Each week we find a new topic for our readers to learn about in our AI Education column.
The AI we’ve been using thus far is like Tinker Toys or Lincoln Logs.
Who’s ready for an erector set?
Artificial intelligence is already changing the world around us so quickly, it’s hard to believe that this is only a beginning—but when we peek at the next page of generative AI, in particular, we see a technology that may profoundly alter the way we live, work and relate to each other as human beings.
Welcome to AI Education, where the erector set we’ll be discussing this week, our next page of generative AI we speak of, will be real-time video generation, which, roughly, translates to technology’s ability to create video from prompts and cues that can be code, natural language text, speech or visual in nature.
Of course, informed readers will know that this isn’t exactly a next page, as high-quality text-to-video generation is already here—in fact, thanks to models like Sora, Veo, LTX, Kling and Dream Machine, many of us already have access to some pretty sophisticated AI video generation tools. AI actress Tilly Norwood, created by UK AI studio Particle6, is causing shockwaves in the U.S. entertainment industry. Norwood is photorealistic and photogenic—and she’s less likely than a human actress to torpedo a production with a bad press junket. An Indian company has gone a step farther and already produced a feature-length movie with AI video generation. We’re talking more science than science fiction.

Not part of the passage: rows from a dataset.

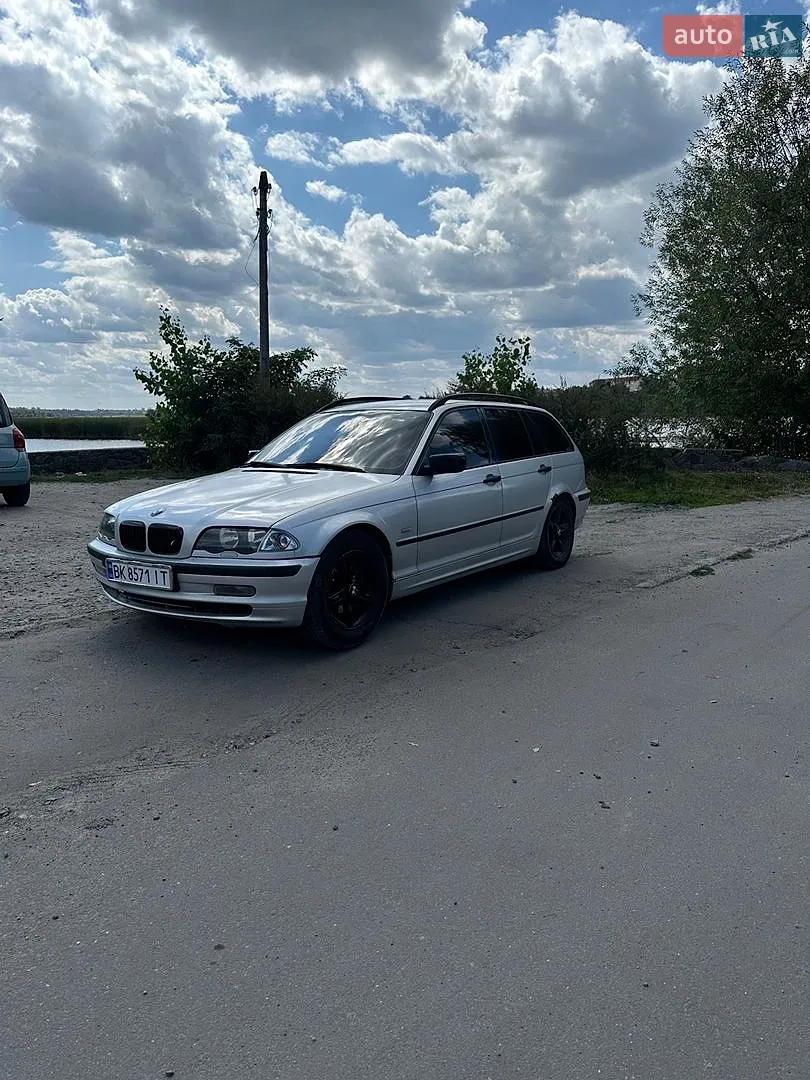 BMW 3 Series, 2001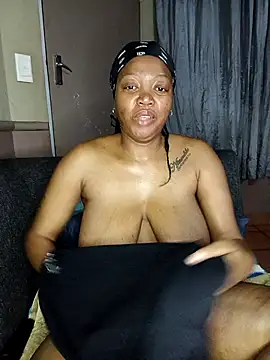 slimcate91 online show from April 16, 12:11 am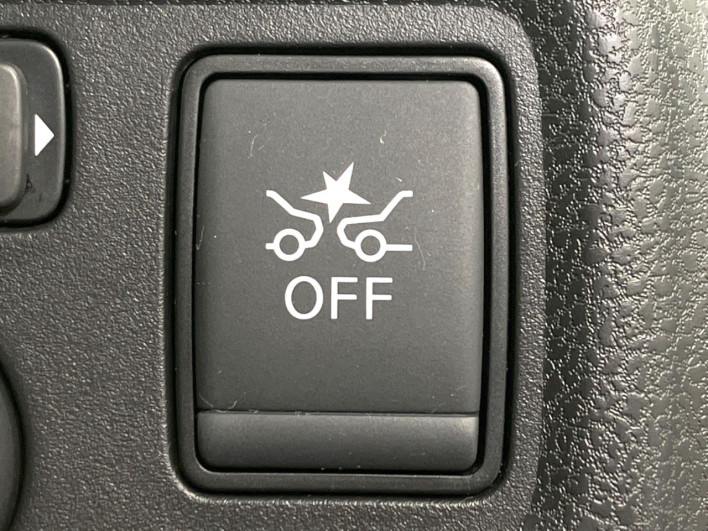 2017 Nissan Note DAA-HE12 (UW-69ef583043ae2)[14]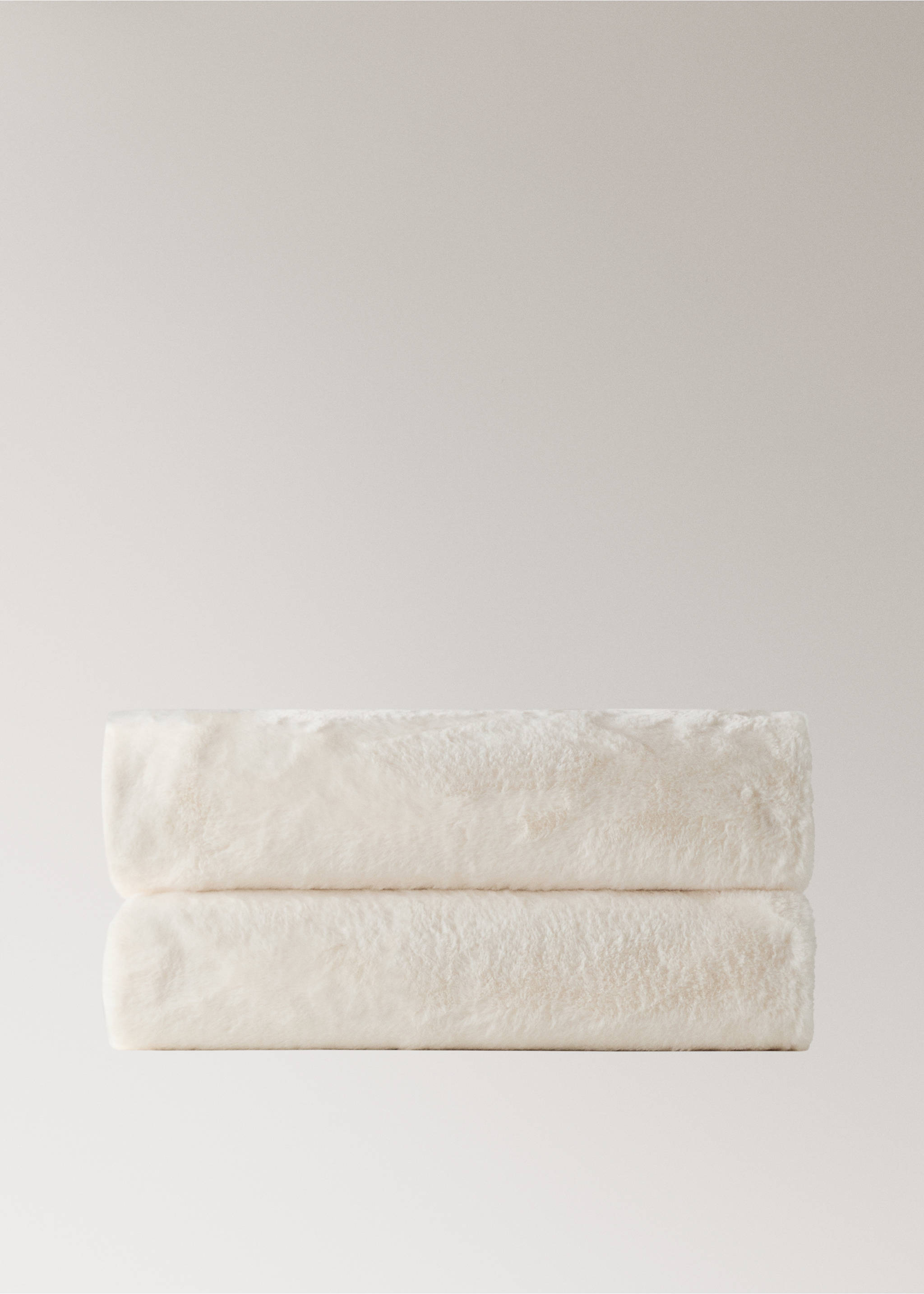 Large double-faced faux-fur blanket - Article without model, Ivory White. Ref: 17043313-00.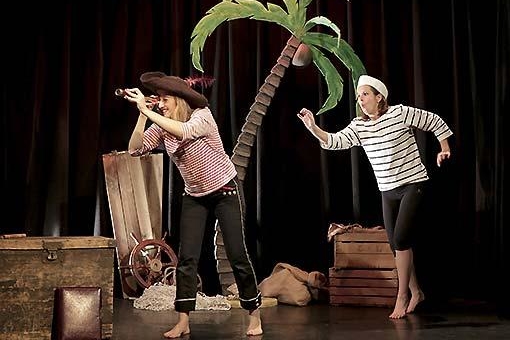 Aux armes moussaillons préparez-vous pour l’amarrage avec " La Pirate Ecologique" au Théâtre de la Contrescarpe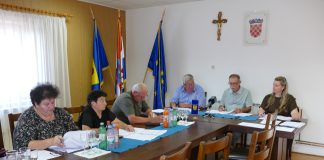 Na sjednici Općinskog vijeća Berek raspravljalo se o proračunu, vrtiću, zemljištima te problemima s turističkom zajednicom, psima lutalicama i napuštenim automobilom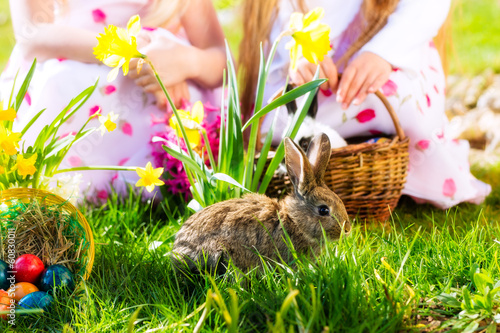 Board z aluminiowym obramowaniem Dzieci na Easter Egg Hunt z Zajączek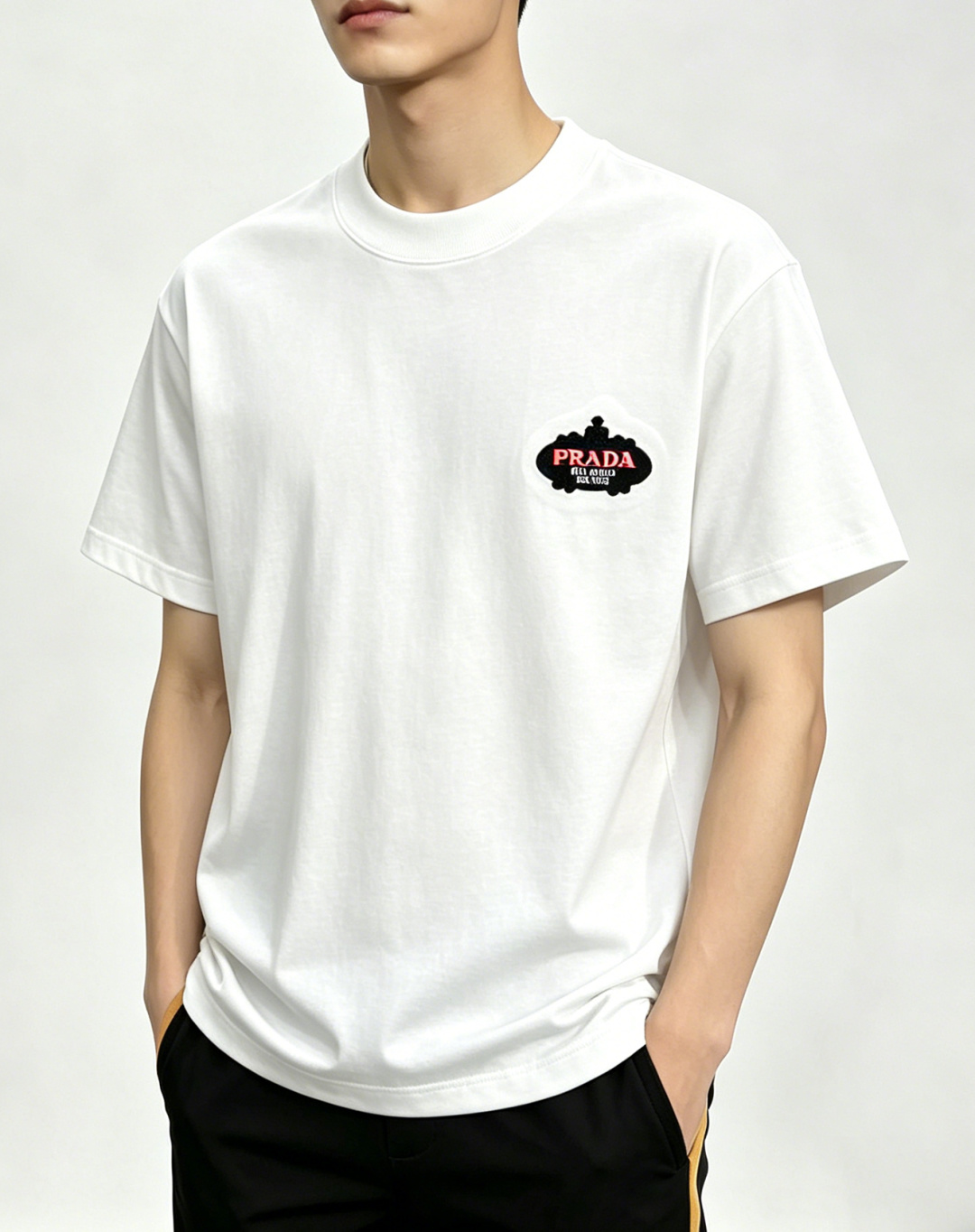 NO:849594,Mainly recommend Prada 2026ss autumn new release Prada round neck short-sleeved T-shirt, high-end new short-sleeved, letter logo embroidery!  Wearing it makes you feel comfortable and slim, lazy and casual, and combined with clean and simple colors, it is particularly eye-catching and suitable for daily wear~ We introduce sports items decorated with vibrant prints for a fashionable and quality life!  Size M-XXXL Color White Black H2026 new model debut, prada, prada, T-shirt, tees, t-shirt,19860909主推 Prada 2026ss秋季新款发布普拉达圆领短袖T恤,高端新款短袖,字母logo刺绣！穿上就是舒适自在又显瘦的存在,慵懒而随性,结合干净简单的色系就特别耐看,适合日常穿着~倾情推出缀饰活力印花的运动单品,时尚品质生活！ 尺码M-XXXL 颜色白色 黑色 H2026新款首发,,prada,prada,T-shirt,tees，t-shirt,,Men's clothing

Like all things generative AI, these tools are likely to improve significantly in the near future—especially if the past 12 months, during which we’ve seen significant breakthroughs from commercial AI providers and labs pushing us towards real-time video generation, are any indication.
What Is Real-Time Video Generation?
To this point, video generative AI has been riddled with issues. A commonly reported one being ethical in nature—video generation is the technology used to make deepfakes, of course—but less known is that even now using AI to generate video from non-visual inputs is heavily resource intensive.
Generating video takes a lot of computational power, much more than generating blocks of text or code, or still images. That translates not just to higher energy consumption, but more time. While we’re now accustomed to having our prompts for text responses and images responded to nearly instantly, those of us trying to generate video have had to wait much, much longer. Using today’s consumer-grade desktop hardware, one second of realistic high-quality video could take twenty-four seconds or more to generate—so we could create five seconds of video in around two minutes.
Real-time video generation means that it takes five seconds of work to create five seconds of video. We do have the ability to generate video in real time as I write this today—some of the models I mentioned above are capable of doing something like creating short animations based off of a prompt and a still image—but the quality of their output is still well short of realistic. But our AI models are improving over time, in some cases becoming more efficient. Our computing technology is also steadily improving. We’re accelerating towards a day when realistic video can be generated in real time.
Why Real-Time Video Generation Works
Real-time video generation is a combination of artificial intelligence technologies. The work constructing the video itself is usually conducted by one or a combination of diffusion models, which we’ve discussed before in AI Education. Natural language processing technology not only “reads” instructions from a user’s prompt, it also creates any text or dialogue in the video.
The AI model literally builds the video frame-by-frame, taking into account the user prompt and information from previous frames. New frames are delivered so fast they appear instantaneous to users, enabling people to generate their own video on the fly without a camera or recording equipment.
But Wait, There’s More
So yes, we can make videos in real time, and we’ll be able to make realistic videos in real time at some point in the very near future. Great. That means we’ll be able to use AI video broadly in entertainment—for example, to make something like a bespoke, personalized entertainment library for us to access in lieu of streaming or broadcast content. We could use AI to help prototype fast-moving projects in industry. We’ll be able to edit video in real time with our voice without needing additional tools and skills. And yes, we’ll be able to make some convincing deep fakes, if we wish to take advantage of people.
But AI still needs to catch up in other areas to take advantage of the full power of real-time video generation. AI is going to be fooling our eyes long before it masters our brains. For example, AI falls short in creating rounded characters and engaging plots for long-form videos for television, movies and games. AI can make shots and scenes of videos, yes, but it struggles to create a series of dozens of scenes or hundreds of shots as a coherent whole. Ultimately, a human editor is needed to prevent more “AI slop” from being generated.
AI video generation, due to its time-consuming nature, still struggles with latency issues—lagging performance and slow processing means that high-quality video generation can’t be used for many augmented reality applications. Also, we can’t edit our videos on the fly. Yet. True real-time video generation means that we can manipulate our videos—and the moving images inside them—how we want, any time we want. This is coming.
AI isn’t really good yet at picking up context in longer conversations, or more subtle visual cues like body language—and thus, using real-time video generation to power an interactive AI agent, one we could have a back-and-forth discussion with on a Zoom call, for example, isn’t really ready for prime time yet. That being said, scammers are already using AI-generated video chat to try to take advantage of people. There will come a time when the pleasant figure you assume to be talking into a webcam somewhere on a distant computer is more likely an AI agent that looks and sounds like an in-the-flesh person.